I find this episode extraordinarily puzzling. In the months after September 11, as the Bush administration headed toward war, first in Afghanistan, then in Iraq, media reports told of Mr. Tenet’s frequent attendance at White House strategy meetings. Several Old Boys (CIA retirees) I see regularly questioned at the time whether Mr. Tenet was being drawn into policy discussions that were none of the DCI’s business.

Their position, in a nutshell, was that Mr. Tenet should deliver whatever intelligence he had, and then leave, rather than staying around for a cup of coffee with Mr. Bush and whomever else. In any event, if he had such ongoing access to the president, why did he not insist on delivering the July 10 warning in person?

The explanation Mr.

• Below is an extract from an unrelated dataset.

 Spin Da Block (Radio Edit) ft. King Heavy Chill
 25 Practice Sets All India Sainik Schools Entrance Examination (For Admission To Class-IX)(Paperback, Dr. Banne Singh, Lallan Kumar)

Tenet gave explains, in my view, the underlying reason that in the end, he proved unsuited for the job. The DCI, he explained to several TV interviewers, must stay in channels; thus he “reports” to the president through the national security adviser, who was Ms. Rice at the time.

Such an attitude reflects the bureaucratic mindset of a man who spent most of his career in staff positions, at the Senate Intelligence Committee and the National Security Council, and then as deputy DCI, before becoming DCI late in the Clinton presidency. As Washington hands well understand, staff people thrive in this town by not upsetting the boss. Mr. Tenet remained the ultimate staff man, even when he was the titular head of the nation’s intelligence establishment.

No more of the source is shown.